Speaking at an ECA Policy Dialogue to discuss the findings of UNCTAD's report, Mr. Andrew Mold, Acting Director of ECA in the Sub-Regional Office for Eastern Africa, explained that the UN classifies a country as an LDC if it has a combination of both a low per capita income and  scores lowly on two composite indicators relating to the level of human development and degree of economic vulnerability.

Mold clarified that LDCs typically suffer from three types of development traps: first, low incomes which lead to low investment,  limited economic growth, and high levels of poverty; secondly, a low-level of economic diversification and heavy dependency on primary commodities exports, and finally, weak productive capacities.

The report argues that graduating from the LDC category should be achieved concomitantly with a rapid structural transformation of the economy, so that countries can better take advantage of the global economy.    

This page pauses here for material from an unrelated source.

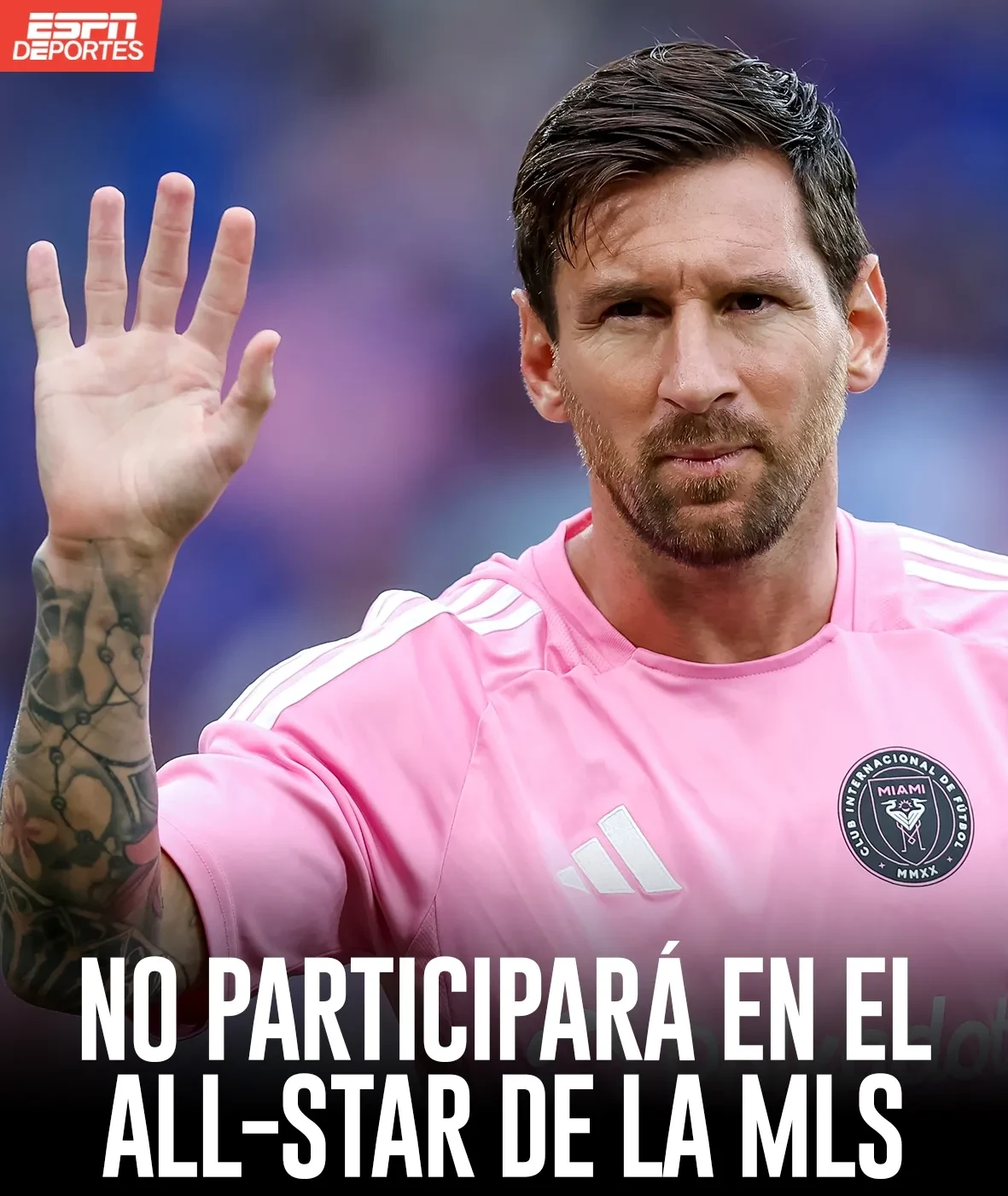 开云体育中国官网-拉齐奥迎法国杯关键赛；加时末段造点机会；球迷炸锅；纪律约束更严格(拉齐奥近期足球战绩)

During the policy dialogue, it was noted that only a very limited number of LDC have graduated to date - only four countries in the 45 years since this classification was established (Botswana in 1994, Cape Verde in 2007, Maldives in 2011 and Samoa in 2014. Other countries, such as Equatorial Guinea, Tuvalu and Angola, are forecast to graduate over the next few years, but pointedly only one in Eastern Africa (Djibouti).

Discussing ways of increasing the prospects for graduation from LDC status, Mr. Mold called for countries in the region to scale up public investments, including projects that strategically address bottlenecks in the productive sector, as well as accelerating the transformation of rural economies by upgrading agriculture and promoting non-farm activities.

Mold also highlighted that countries could graduate faster with more effective help from the  international community in terms of finance, trade and technology. “Donors need to fulfill their long-standing commitments for assistance to LDCs and most importantly align their support more closely with national development strategies”, he said.